For the second time in four months, convicted killer Larry Michael Bratt asked an Anne Arundel County Circuit Court yesterday to substantially trim his two consecutive life sentences, saying he is a changed man -- a statement disputed by prosecutors.

"The answer actually lies in the fact that the system actually worked for me," Bratt, a few weeks shy of his 48th birthday, told a panel of judges.

"I've discovered, I can't say for everyone, but for me, my ego was my worst enemy. I would delude myself at times. I would not admit what I did was wrong," Bratt said.

Bratt was convicted of masterminding the killings of John and Donna Carback on Dec. 19, 1981, in their Pasadena home and was sentenced to two consecutive life terms.

While Bratt admitted for the purpose of the hearing that he masterminded the crime -- his request for a new trial is pending in the Court of Special Appeals -- he made no blanket admission.

Under Gov.

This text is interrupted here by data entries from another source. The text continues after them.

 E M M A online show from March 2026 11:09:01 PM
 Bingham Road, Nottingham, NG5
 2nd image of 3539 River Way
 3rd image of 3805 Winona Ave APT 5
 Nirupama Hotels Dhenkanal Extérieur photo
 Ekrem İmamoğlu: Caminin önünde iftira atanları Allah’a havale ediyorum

Parris N. Glendening's policy of no parole for lifers, Bratt has no chance at freedom, said Fred Warren Bennett, his lawyer. Bratt is a model prisoner, teaching prisoners how to tutor illiterate inmates, writing about prison life for assorted publications and completing every prison program available to him, Bennett said.

"We urge the court to give the defendant a chance, a chance for the future based on his good deeds in the institution," Bennett said.

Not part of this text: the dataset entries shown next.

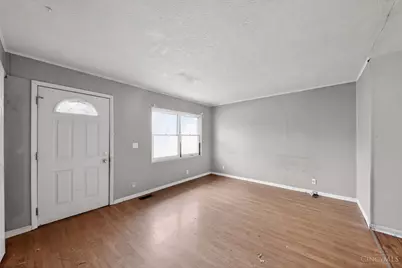 586 Brantner Lane, Union Township, OH 45244 - Photo 5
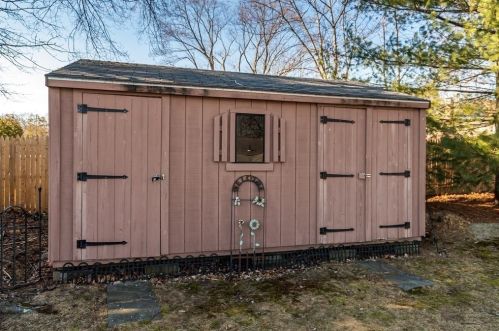 15 Greenleaf Rd, Natick MA 01760-3115 exterior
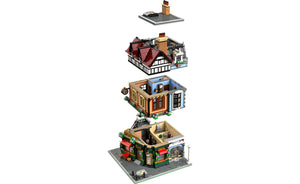 10350 | LEGO® ICONS™ Tudor Corner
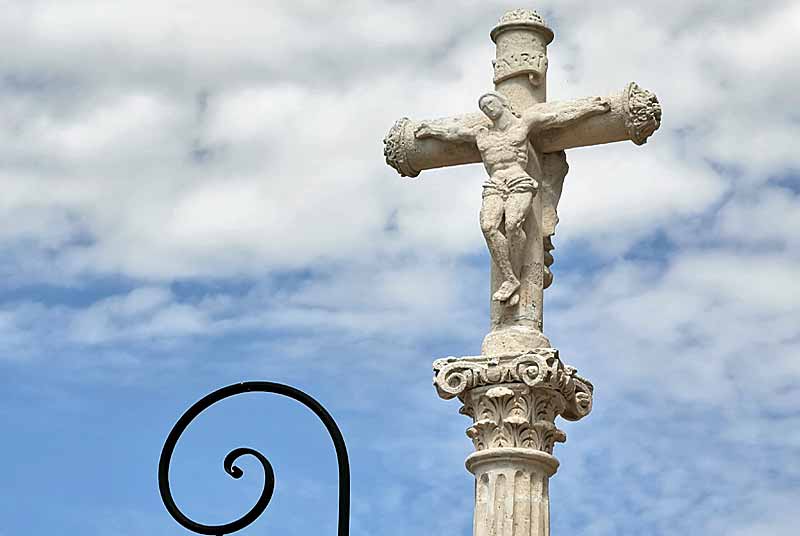 CROIX XVIe - XVIIe SIECLE DE MONTSAUGEON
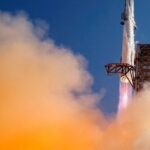Retail investors sold SpaceX shares for first time on Friday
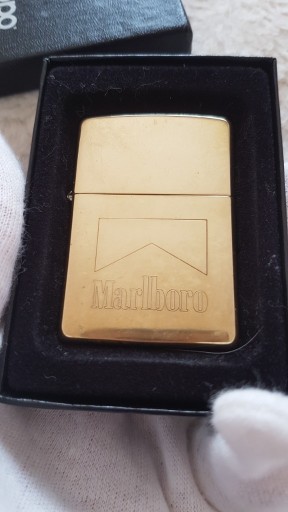 Zdjęcie oferty: Zapalniczka Zippo Marlboro Brass XI 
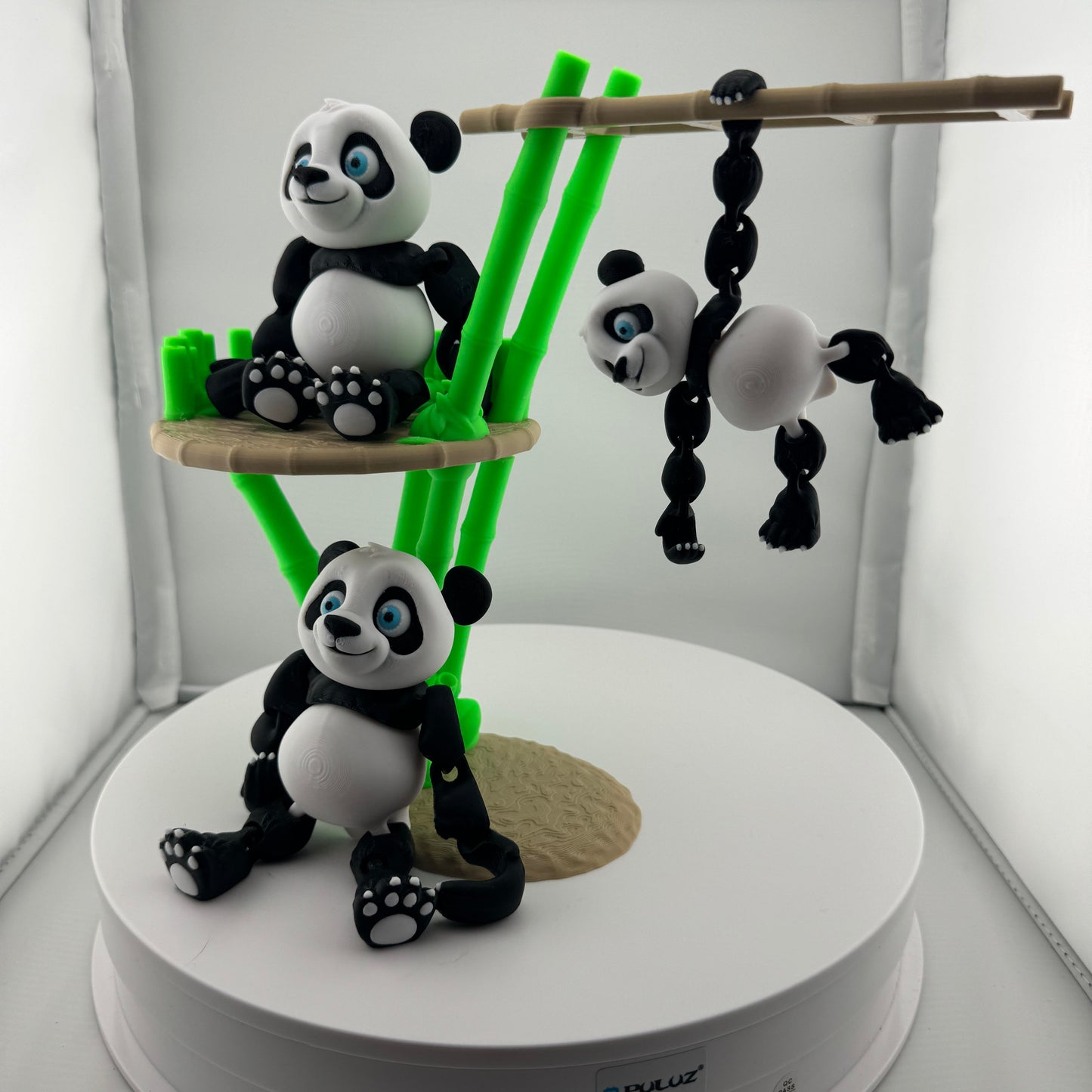 Articulating Panda Family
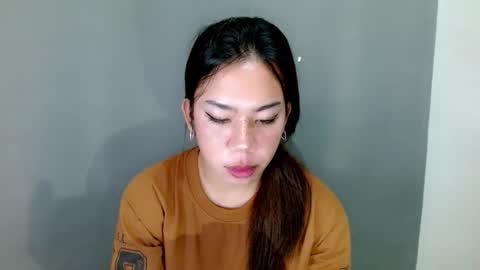 jelaigrande  online show from November 28, 1:41 am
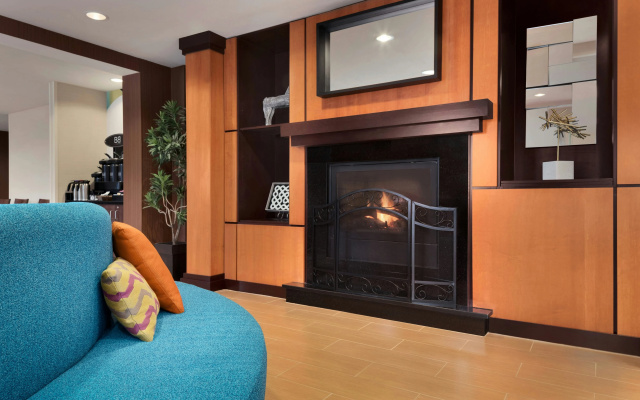 photo 3 of Fairfield Inn & Suites by Marriott Minneapolis Bloomington/Mall of America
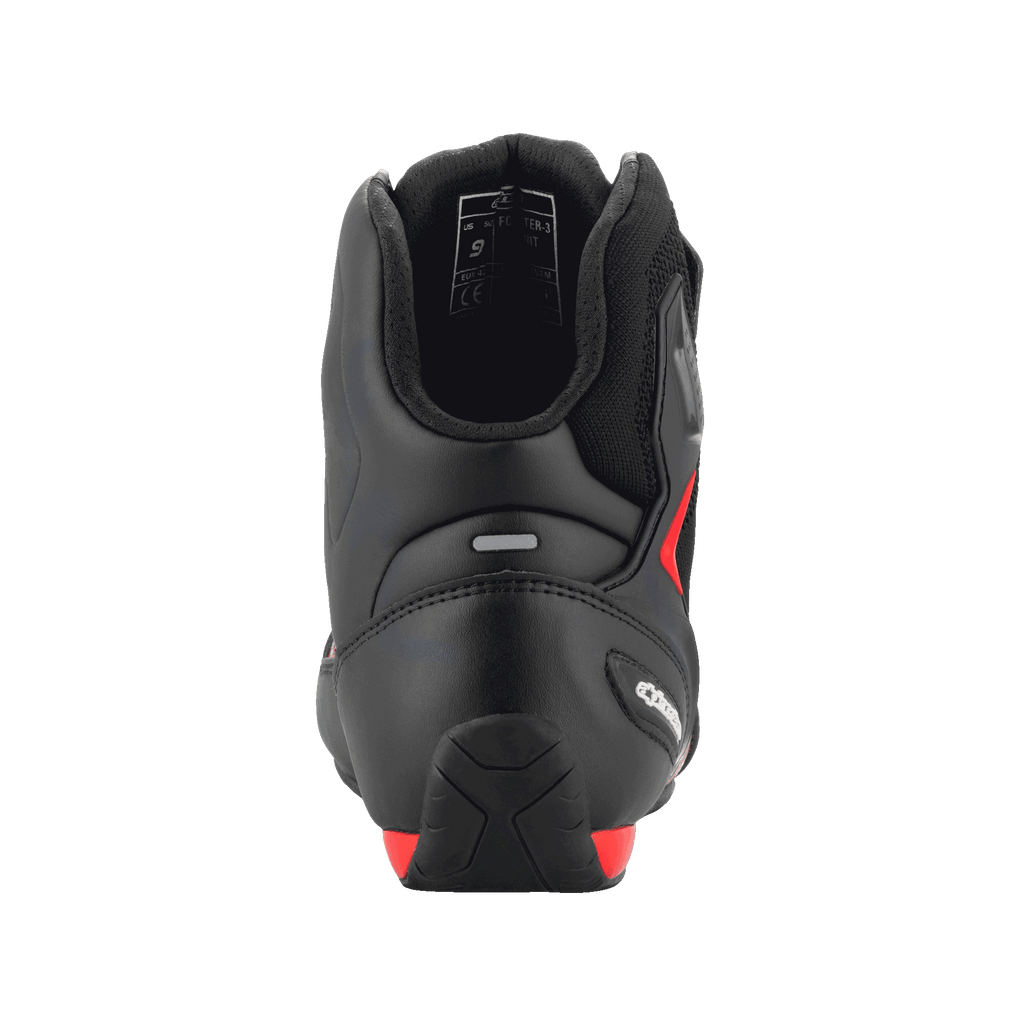 Alpinestars FQ20 Faster-3 Rideknit® Schuhe, Schwarz und leuchtendes Rot, Rückansicht mit Fokus auf die konturierte Fersenkappe, den Reflexstreifen und den gepolsterten Knöchelbereich, technisches Motorrad-Schuhwerk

Richard Carback of Pasadena, the victim's brother, watched the hearing silently.

"If Mr. Bratt has been rehabilitated where he is doing so much helping in the prison system, let's leave him there to do more good. Let's not let him out and take a chance. Donna and John had no second chance," he said afterward.

Bratt's pitch was similar to one he made in October to Judge Clayton Greene Jr. for shortening his sentence. Greene rejected his bid in December.

This time, Bratt asked a panel of three judges. Bennett suggested time served plus five years' probation, or limiting incarceration for each life term to 15 years to win Bratt mandatory parole in about six or seven years.

Questioned by the judges, Deputy State's Attorney Gerald K. Anders said the sentence Bratt got in 1983 was fair and that the judges' role yesterday was to look at the crime and 1983 trial, not Bratt's current circumstances. Bratt's failed sentence modification last fall centered on his current circumstances, Anders said.

Bratt's lawyer acknowledged that if the judges look only at the convictions and do not review what Bratt has done over 17 years in prison, "he loses entirely."

Anders depicted Bratt as a manipulative, Dr. Jekyll-Mr. Hyde figure and said that he did not believe Bratt has been rehabilitated.

"To get into Mr. Bratt's mind and determine when he is telling the truth and when he isn't could be very dangerous," Anders said.